Home-based sole proprietors generate $102 billion in combined annual revenue, and their ranks are expected keep growing, according to a new study by the Small Business Administration's Office of Advocacy.

While home-based  sole proprietors bring in almost $15,700 less on average than their non-home-based counterparts -- $22,569 in net income versus $38,243 -- they earn a higher return on gross revenues because of lower overhead costs.

The study examined 2002 federal income tax data from sole proprietors who deducted home-office expenses. The study does not include firms that opt not to take the home-office deduction or those that deduct for both a home office and rent. However, if such businesses were included, "the total annual revenue may be over $500 billion," said Joanne H. Pratt, a small-business consultant and researcher who authored the study. 

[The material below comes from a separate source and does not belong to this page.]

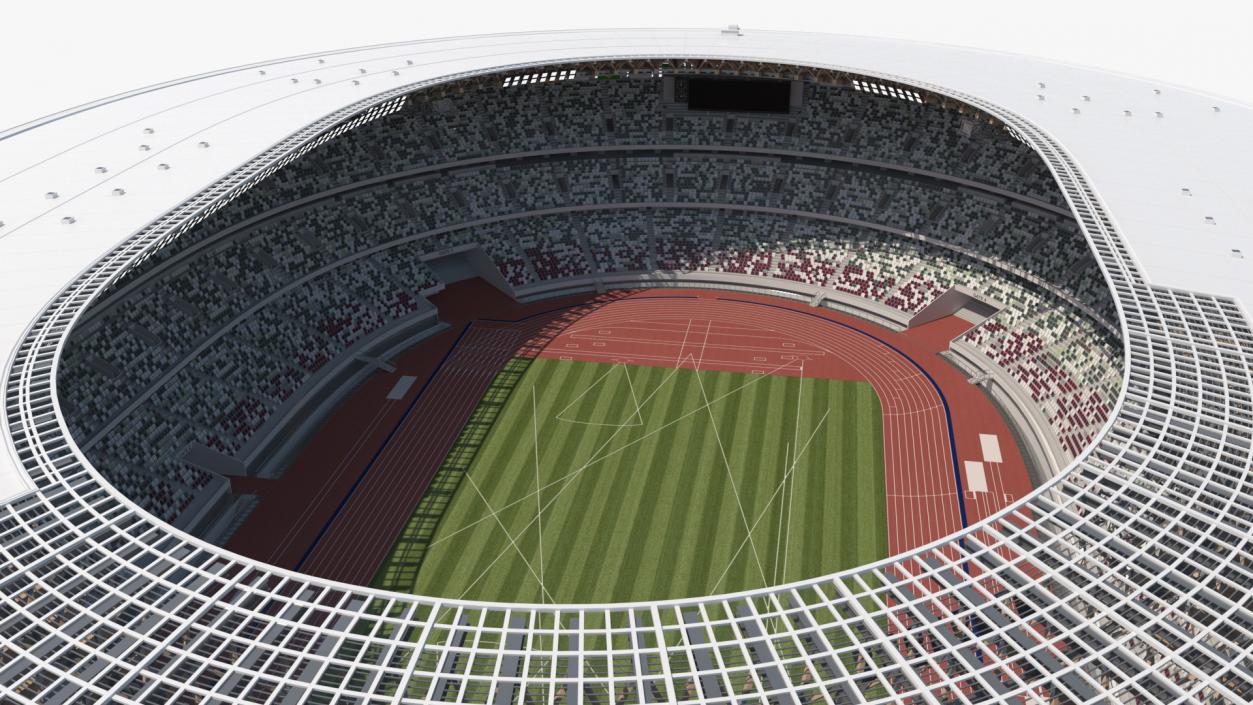 Multi-Purpose Olympic Stadium 3D model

"Sole proprietorships are a vital part of our economy," Thomas M. Sullivan, chief counsel for the Office of Advocacy, said in a statement. "Many are home-based micro businesses; collectively they generate a significant amount of economic activity. For the average sole proprietor, their business provides benefits of entrepreneurship that go beyond just income and revenue."

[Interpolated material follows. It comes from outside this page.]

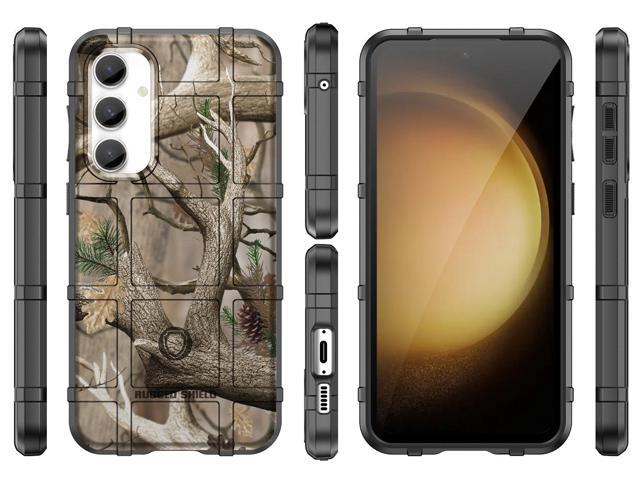 Special Ops Tactical Rugged Shield Case for Samsung Galaxy S23 FE - Bush Camo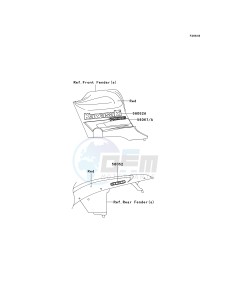 KVF 360 B [PRAIRIE 360] (B6F-B9F) B7F drawing DECALS-- RED- --- B7F- -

Operating a business from home offers unique advantages, including low overhead costs and the flexibility to work at home while raising a family. The study found that such business owners work fewer hours per week and days per year, while relying on their business for 25% of their total income compared to 33% of non-home-based owners.

"My business started out of my home mostly because I didn't want to work for anyone but myself," said Bill Hermann, owner and sole DJ for Blue Chip Productions, located in Prior Lake, Minn. "I wanted to be my own boss. My wife works full time. I'm a husband and father of two girls under the age of four. Right now it's a lifestyle choice."

The study suggested that self-employment may rise due to demographic, technology, and lifestyle factors. Pratt also cited longer average lifespan, which has encouraged some retirees  to explore second careers. "What are they going too do with all those years?" she said. "I think they'll pursue hobbies and turn those hobbies into home-based businesses."

Emerging technologies have made it easier to work at home, while the stigma associated with home-based businesses has also faded somewhat. "It's possible to run the tech dependent home-based business anywhere," Pratt said. "It's gotten so that we're a mobile workforce. It's become so commonplace now it's accepted. You work in the car, in the home, in the Starbucks line."